Monday, July 28, 2008

F1 Chief designer


The chief designer is the person who has to come up with an overall layout for the car that allows everything to fit and be adequately cooled whilst giving the aerodynamicist the necessary scope for generating efficient downforce. Essential to utilising the aerodynamic forces is the task of coming up with a structure that is stiff enough to withstand them – another job of the chief designer. Reporting to him is a team of designers and structural analysts. At least one team rotates between two chief designers so that one works on next year’s car without the distraction of developing the current one and then goes on to develop his car when it becomes current, leaving the other designer to initiate the next in the sequence.

F1 Chief aerodynamicist


Aerodynamics really determines the ultimate potential of a Formula One car. Even if a team sets up the car just right, it’s never going to shave whole seconds of lap time, only fractions of that. But the difference between a good and bad car aerodynamically can easily be whole seconds. That’s why the chief aerodynamicist carries the heavy burden of responsibility on his shoulders. The calculations are so involved and microscopic that he (or she – Williams currently has a female aero chief) depends on a whole team of aerodynamicists who work beneath to figure out the details, come up with new components, and try them out in the wind tunnel.

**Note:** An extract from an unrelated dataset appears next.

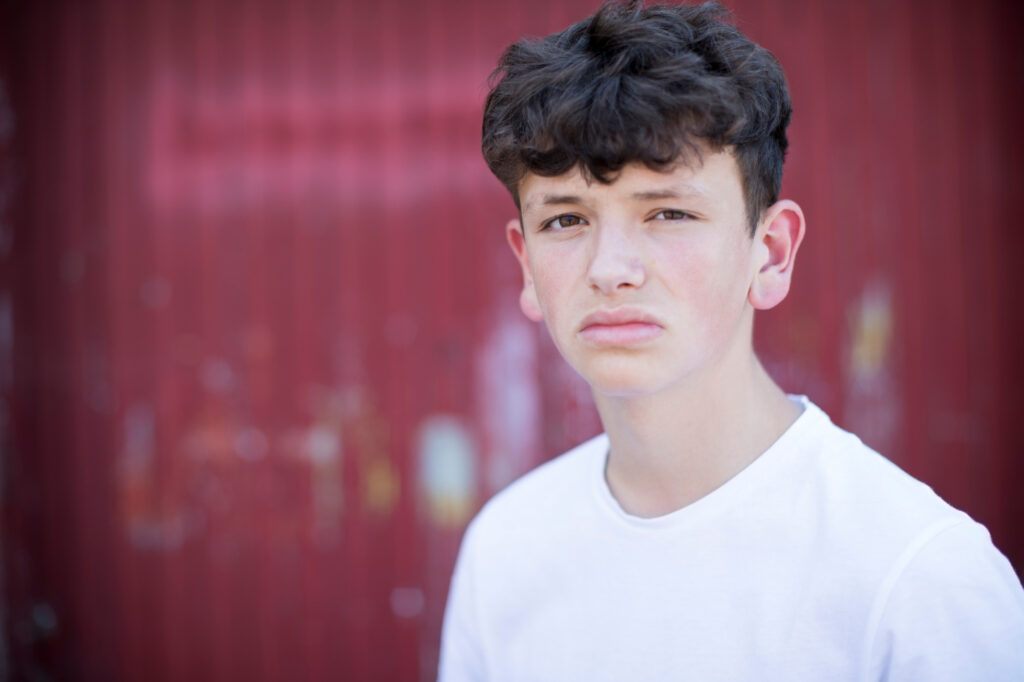 a teenage boy with short dark hair and dark eyes is looking straight at the camera with a serious expression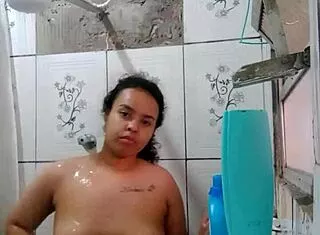 Hey, watch this hottie shower and flash her wet pussy!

The chief aerodynamicist is primarily interested in the overall effect. The aerodynamic performance of a car is expressed in its lift:drag ratio – how much downforce can be had for how little straightline speed drag. The chief aerodynamicist is concerned with this above all else.

F1 Technical Director


The technical director’s job is part-managerial, part-technical. He invariably is a former designer or aerodynamicist, but he rarely gets a chance to actually design stuff in his role as technical director. The technical director is a rare breed: a nutty professor with a core of steel and a real flair for organisation. He sets design objectives and targets and ensures that they are met. He could just as easily be sourcing a new material and going to the team boss for budget approval as he could be brain-storming on an aerodynamic problem. In many ways the technical director is the key to the success or failure of a team. Without a fast car, a team goes nowhere.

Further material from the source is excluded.